How to complete this task: Each entry below is to be restated word for word, with no pictures carried over.

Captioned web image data
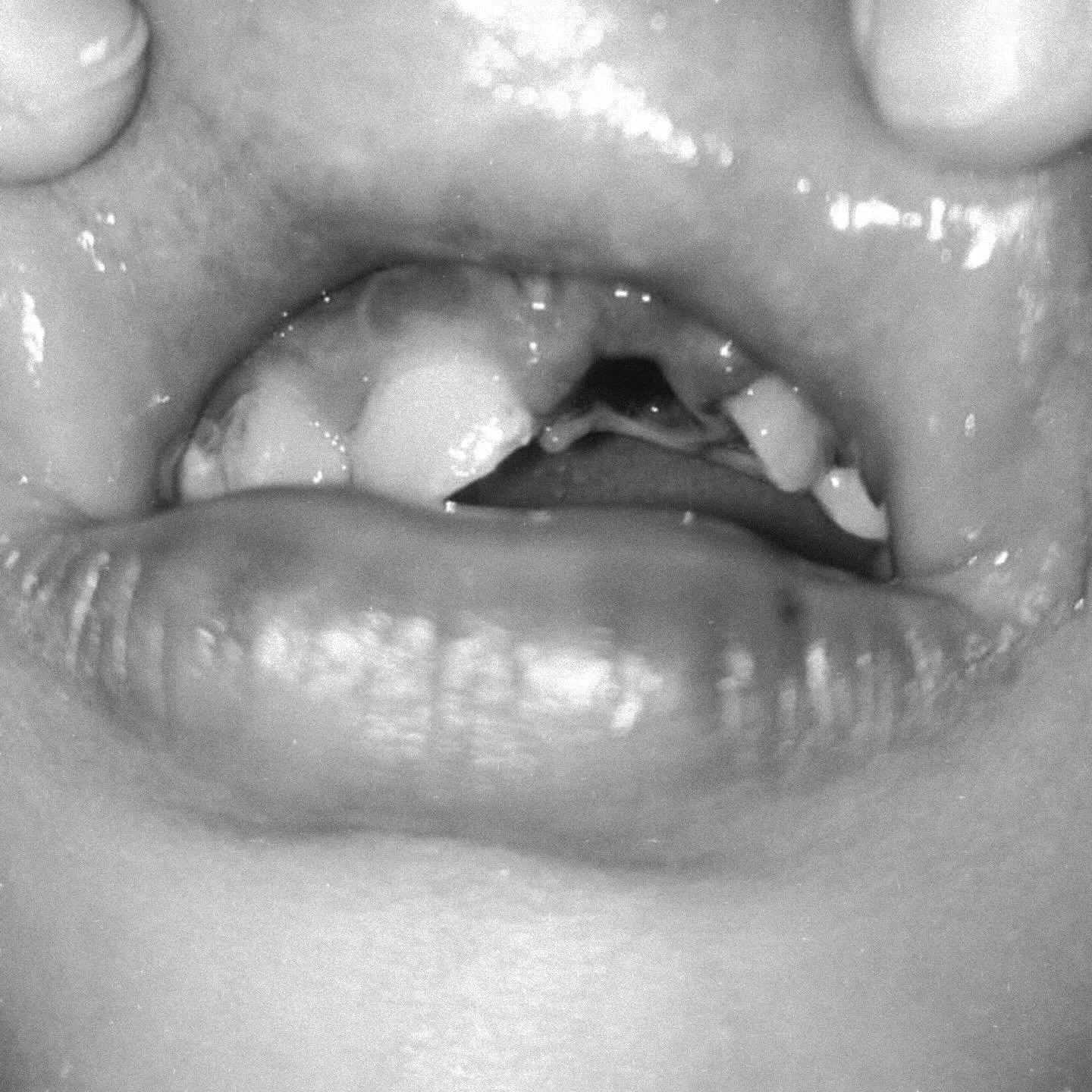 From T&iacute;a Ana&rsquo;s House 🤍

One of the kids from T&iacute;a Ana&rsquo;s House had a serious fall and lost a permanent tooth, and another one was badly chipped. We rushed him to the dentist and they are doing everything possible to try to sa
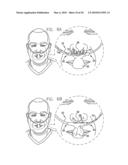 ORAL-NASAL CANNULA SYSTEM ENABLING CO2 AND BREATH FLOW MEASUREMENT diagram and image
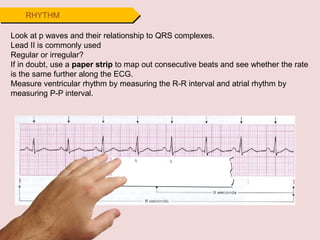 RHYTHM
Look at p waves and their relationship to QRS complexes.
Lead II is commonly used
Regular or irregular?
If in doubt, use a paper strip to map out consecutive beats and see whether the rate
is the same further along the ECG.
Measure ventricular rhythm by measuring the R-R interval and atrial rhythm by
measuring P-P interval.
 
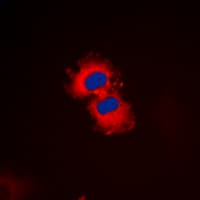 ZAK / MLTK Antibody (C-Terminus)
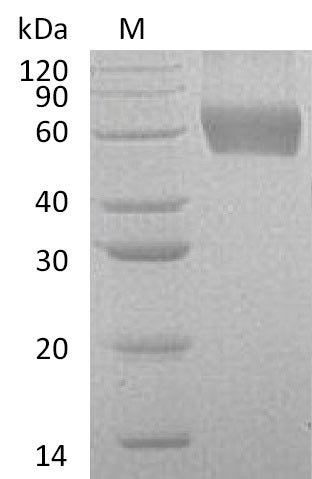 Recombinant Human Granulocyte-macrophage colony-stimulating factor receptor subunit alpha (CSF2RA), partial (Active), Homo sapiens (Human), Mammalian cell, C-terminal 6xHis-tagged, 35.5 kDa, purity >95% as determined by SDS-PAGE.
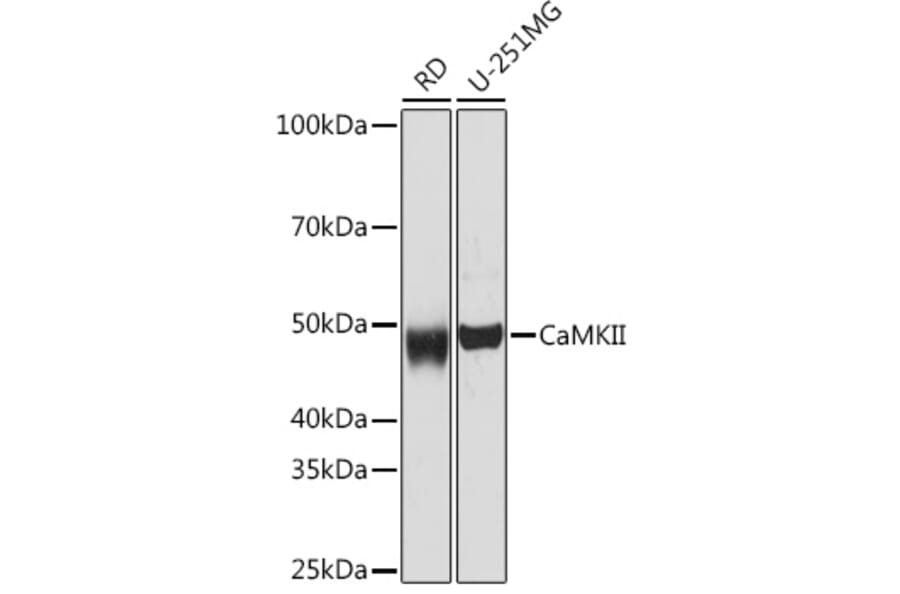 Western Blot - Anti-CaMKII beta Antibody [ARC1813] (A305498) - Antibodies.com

Output for this task:
 From T&iacute;a Ana&rsquo;s House 🤍

One of the kids from T&iacute;a Ana&rsquo;s House had a serious fall and lost a permanent tooth, and another one was badly chipped. We rushed him to the dentist and they are doing everything possible to try to sa
 ORAL-NASAL CANNULA SYSTEM ENABLING CO2 AND BREATH FLOW MEASUREMENT diagram and image
 RHYTHM
Look at p waves and their relationship to QRS complexes.
Lead II is commonly used
Regular or irregular?
If in doubt, use a paper strip to map out consecutive beats and see whether the rate
is the same further along the ECG.
Measure ventricular rhythm by measuring the R-R interval and atrial rhythm by
measuring P-P interval.
 
 ZAK / MLTK Antibody (C-Terminus)
 Recombinant Human Granulocyte-macrophage colony-stimulating factor receptor subunit alpha (CSF2RA), partial (Active), Homo sapiens (Human), Mammalian cell, C-terminal 6xHis-tagged, 35.5 kDa, purity >95% as determined by SDS-PAGE.
 Western Blot - Anti-CaMKII beta Antibody [ARC1813] (A305498) - Antibodies.com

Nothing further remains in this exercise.